* [Instructions for the task] Output each line of the material exactly as it stands.
(Exercise input Opens)
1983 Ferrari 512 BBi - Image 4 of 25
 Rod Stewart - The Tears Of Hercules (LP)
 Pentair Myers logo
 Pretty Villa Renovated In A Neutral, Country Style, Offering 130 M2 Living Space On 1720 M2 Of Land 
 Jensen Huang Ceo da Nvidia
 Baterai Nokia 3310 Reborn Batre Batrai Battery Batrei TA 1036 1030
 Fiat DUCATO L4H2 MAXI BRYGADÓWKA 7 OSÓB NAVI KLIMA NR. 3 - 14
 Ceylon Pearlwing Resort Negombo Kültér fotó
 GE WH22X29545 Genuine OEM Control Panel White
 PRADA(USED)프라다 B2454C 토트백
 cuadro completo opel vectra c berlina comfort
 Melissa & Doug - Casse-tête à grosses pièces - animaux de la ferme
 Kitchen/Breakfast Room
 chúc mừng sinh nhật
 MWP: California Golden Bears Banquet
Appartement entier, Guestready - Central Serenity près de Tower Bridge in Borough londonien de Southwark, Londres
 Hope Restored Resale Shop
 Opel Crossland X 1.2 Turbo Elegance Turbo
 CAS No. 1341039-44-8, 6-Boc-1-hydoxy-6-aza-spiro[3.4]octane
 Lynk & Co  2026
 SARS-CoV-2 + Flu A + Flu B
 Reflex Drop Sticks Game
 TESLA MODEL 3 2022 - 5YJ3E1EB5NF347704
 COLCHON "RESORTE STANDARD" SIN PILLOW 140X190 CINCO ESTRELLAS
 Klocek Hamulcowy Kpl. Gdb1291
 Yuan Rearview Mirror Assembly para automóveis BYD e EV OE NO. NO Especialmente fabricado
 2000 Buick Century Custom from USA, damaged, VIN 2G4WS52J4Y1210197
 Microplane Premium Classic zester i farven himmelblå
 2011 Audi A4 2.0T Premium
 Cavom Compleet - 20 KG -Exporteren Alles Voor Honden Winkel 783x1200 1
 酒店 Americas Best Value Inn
(Exercise input Closes)
* [Final answer]
1983 Ferrari 512 BBi - Image 4 of 25
 Rod Stewart - The Tears Of Hercules (LP)
 Pentair Myers logo
 Pretty Villa Renovated In A Neutral, Country Style, Offering 130 M2 Living Space On 1720 M2 Of Land 
 Jensen Huang Ceo da Nvidia
 Baterai Nokia 3310 Reborn Batre Batrai Battery Batrei TA 1036 1030
 Fiat DUCATO L4H2 MAXI BRYGADÓWKA 7 OSÓB NAVI KLIMA NR. 3 - 14
 Ceylon Pearlwing Resort Negombo Kültér fotó
 GE WH22X29545 Genuine OEM Control Panel White
 PRADA(USED)프라다 B2454C 토트백
 cuadro completo opel vectra c berlina comfort
 Melissa & Doug - Casse-tête à grosses pièces - animaux de la ferme
 Kitchen/Breakfast Room
 chúc mừng sinh nhật
 MWP: California Golden Bears Banquet
Appartement entier, Guestready - Central Serenity près de Tower Bridge in Borough londonien de Southwark, Londres
 Hope Restored Resale Shop
 Opel Crossland X 1.2 Turbo Elegance Turbo
 CAS No. 1341039-44-8, 6-Boc-1-hydoxy-6-aza-spiro[3.4]octane
 Lynk & Co  2026
 SARS-CoV-2 + Flu A + Flu B
 Reflex Drop Sticks Game
 TESLA MODEL 3 2022 - 5YJ3E1EB5NF347704
 COLCHON "RESORTE STANDARD" SIN PILLOW 140X190 CINCO ESTRELLAS
 Klocek Hamulcowy Kpl. Gdb1291
 Yuan Rearview Mirror Assembly para automóveis BYD e EV OE NO. NO Especialmente fabricado
 2000 Buick Century Custom from USA, damaged, VIN 2G4WS52J4Y1210197
 Microplane Premium Classic zester i farven himmelblå
 2011 Audi A4 2.0T Premium
 Cavom Compleet - 20 KG -Exporteren Alles Voor Honden Winkel 783x1200 1
 酒店 Americas Best Value Inn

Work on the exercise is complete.